On a droit à des scènes plus frappantes de personnes fusionnant avec leur environnement, mais certaines des plus grandes frayeurs du film résident dans la façon dont le directeur de la photographie Léo Lefèvre capture des moments ordinaires : alors qu'Anx et Cass se blottissent dans le noir pendant que la maladie tente de les consumer, leur lampe de poche capture un tourbillon de poussière qui flotte dans leur chambre, les particules ressemblent à des extraterrestres et à des extensions de la maladie. Il y a une autre séquence où Anx et Cass font l'amour qui est rapidement entrecoupée d'organismes en putréfaction dans la maison d'Anx, des restes de fruits à un conduit d'aération ; cela souligne qu'il n'y a pas de frontière entre l'amour et la consommation. À la fin du film, la maîtrise rigoureuse de l'imagerie d'Emin cède la place à quelque chose de plus abstrait ; j'admire son ambition même si je ne suis pas sûr qu'elle fonctionne entièrement. Pourtant, une fois de plus, cela réaffirme la façon dont notre amour l'un pour l'autre peut se transformer en quelque chose de méconnaissable.

Et puis il y a le décor du Midwest des années 1980 « Courrier mort » Ce qui est terrifiant parce que cela donne l'impression que c'est quelque chose que vous ne devriez pas regarder et en même temps, vous ne pouvez pas détacher vos yeux. Le film s'ouvre avec la caméra qui suit un homme ligoté et ensanglanté alors qu'il sort d'une maison pour livrer une lettre. On n'entend que ses cris alors que son ravisseur se précipite dans le cadre pour le ramener à l'intérieur. La lettre arrive jusqu'à Jasper (Tomas Boykin), un employé de la salle du courrier qui travaille avec son équipe pour trouver le bon destinataire. Alors que la recherche de Jasper se poursuit, elle l'entraîne dans l'orbite de la relation troublante entre deux hommes, Trent (John Fleck) et Josh (Sterling Macer Jr.)

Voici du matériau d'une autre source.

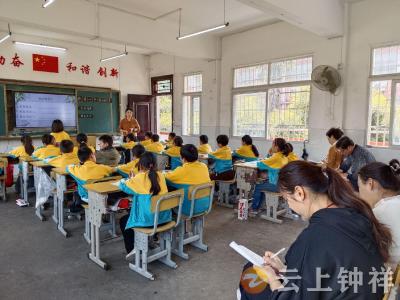 洋梓镇中山中学：深化“放管服”磨课促成长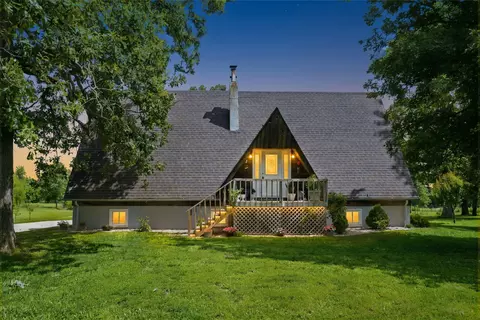 10449 State Highway 38, Elkland, MO 65644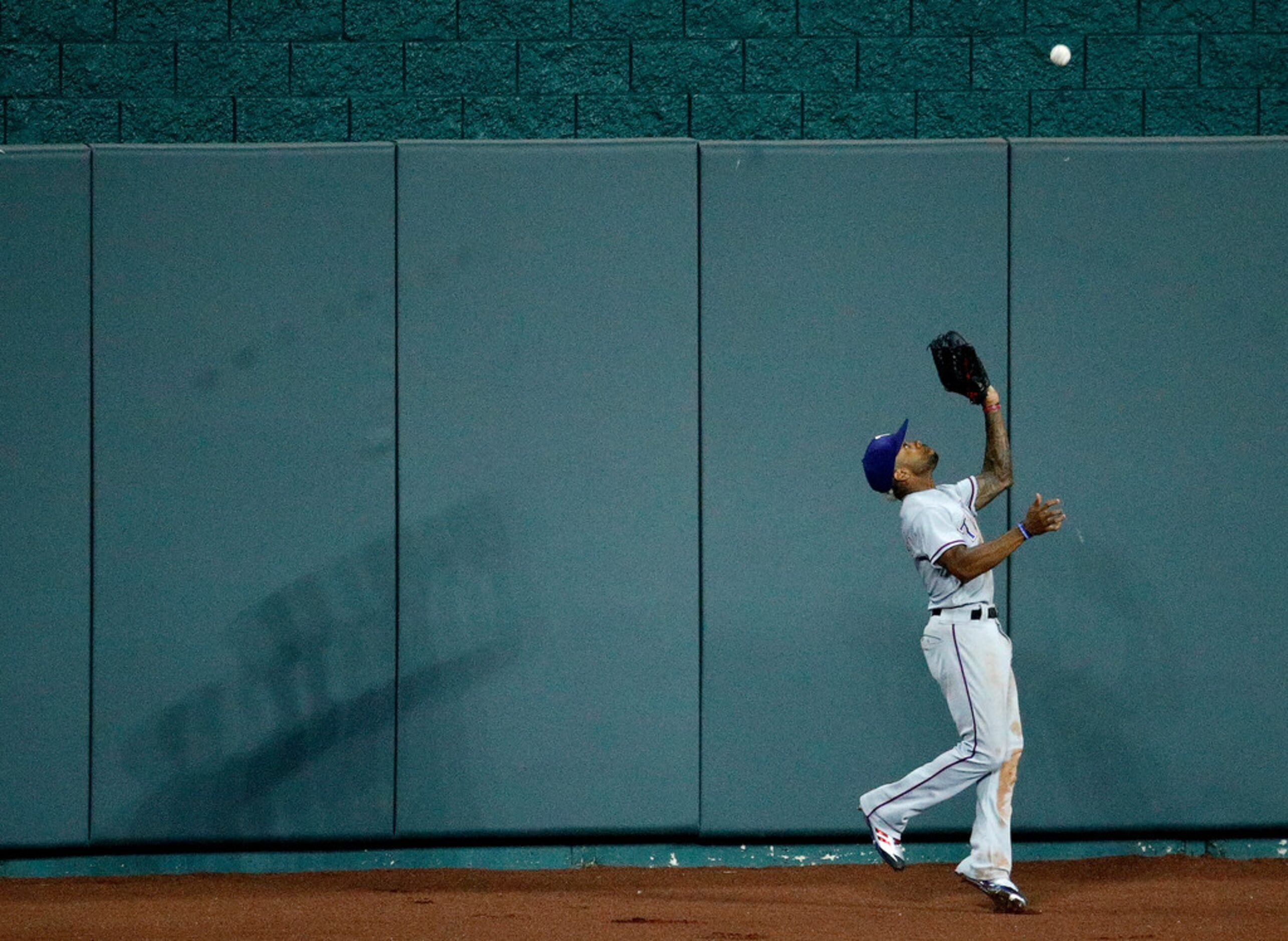 Texas Rangers left fielder Delino DeShields catches a fly ball hit by Kansas City Royals'...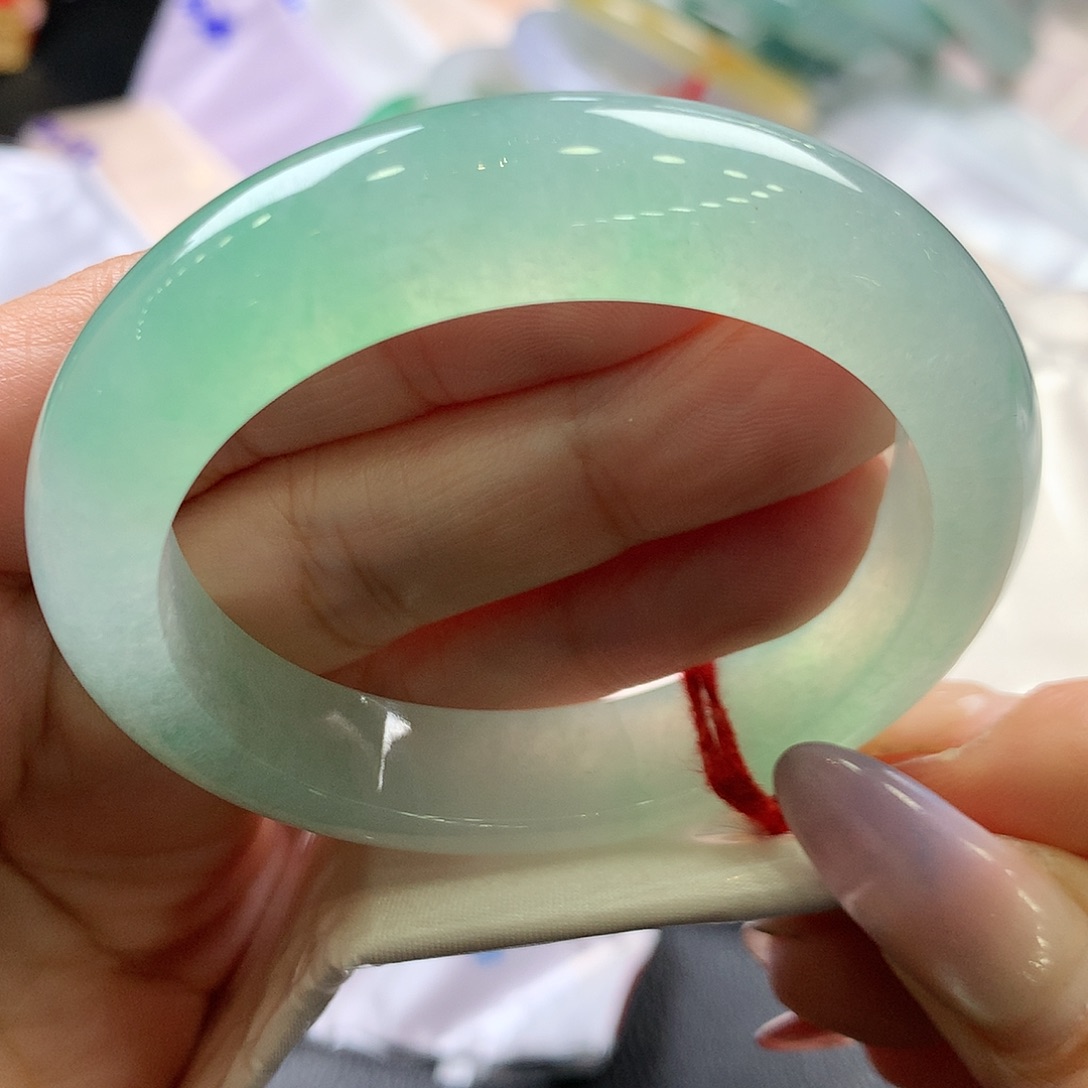 翡翠未镶嵌手镯51.5正冰甜绿大漏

Le postulat (et les enjeux) peuvent paraître banals, mais les coréalisateurs Joe DeBoer et Kyle McConagh utilisent ce postulat de manière subversive pour explorer la violence qui accompagne le simple fait d'attendre que les choses se produisent. La conception de la production de Payton Jane et l'utilisation du grain de film par le duo donnent au film un aspect vintage et old-school comme pour nous faire croire que nous regardons des cassettes policières d'une époque oubliée. De même, c'est un plaisir de voir le film mettre en lumière une vocation et un travail comme celui de Josh qui sont rarement mis en lumière ; tandis que Josh déduit à travers une variété de tactiques pour apporter la lettre morte à son destinataire, ces scènes ressemblent au meilleur des procédures policières ; parfois, il n'y a pas de frisson plus fort que de regarder quelqu'un travailler.